Был бы счастлив какой-либо должности при лошадях – хотя бы самой скромной. Беру на себя смелость думать, что могу быть пригоден и в другой службе, где требуется честность, энергия и любовь к порядку. Я не состарился и не опустился, почему меня и гнетет до крайности неуспешность найти занятие.
Прошу простить, что решился беспокоить Тебя в надежде, что Ты своей чуткостью поймешь тяжелое мое состояние.
Премного обяжешь, если будешь добр ответить по адресу:
Constantinopole. Poste francaise
Poste restante. V. Sokolow
Прошу принять лучшие пожелания от всегда всем сердцем уважающего Тебя
Вл. Соколова[304].
Вряд ли Маннергейм мог существенно помочь Соколову – разве что какой-то суммой денег и добрым словом. Ответил ли он на предсмертное послание бывшего своего «белгородца», корнета Дашкевича[305]? Можно лишь предположить, что это бескорыстное «признание в любви» должно было тронуть его и не осталось без ответа.
А. Дашкевич – Г. МаннергеймуSalle 20
hopital Brugmann
Bruxelles
19/25 апреля 1928 г.
Ваше Высокопревосходительство!
Много раз мне хотелось Вам написать, но старый корнет не осмелился беспокоить письмами своего Генерала, Командира Корпуса.

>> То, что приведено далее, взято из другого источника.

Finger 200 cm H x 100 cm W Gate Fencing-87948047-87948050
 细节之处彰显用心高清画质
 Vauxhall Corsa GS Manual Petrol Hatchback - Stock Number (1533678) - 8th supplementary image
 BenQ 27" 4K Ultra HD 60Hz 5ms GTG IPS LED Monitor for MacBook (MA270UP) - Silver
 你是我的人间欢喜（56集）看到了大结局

Перенеся за этот год 4 тяжелейших операции (желудка и кишечника), лишь ухудшивших мое подорванное войнами и тяжелой жизнью здоровье, я умираю.
Жить осталось недолго.
Пользуясь правом умирающего, я хочу сказать Вашему Высокопревосходительству мои прощальные слова как любимому и искренно уважаемому начальнику.
Вы, Ваше Высокопревосходительство, оставили по себе очень светлую память в 12-й кавалерийской Дивизии, и в частности, в нашей маленькой семье Белгородских улан.
С искренним теплым чувством вспоминали Вас и во время Гражданской Войны, и в Галлиполи, и на Албанской границе. Вспоминаем и теперь.
Прощайте, Ваше Высокопревосходительство.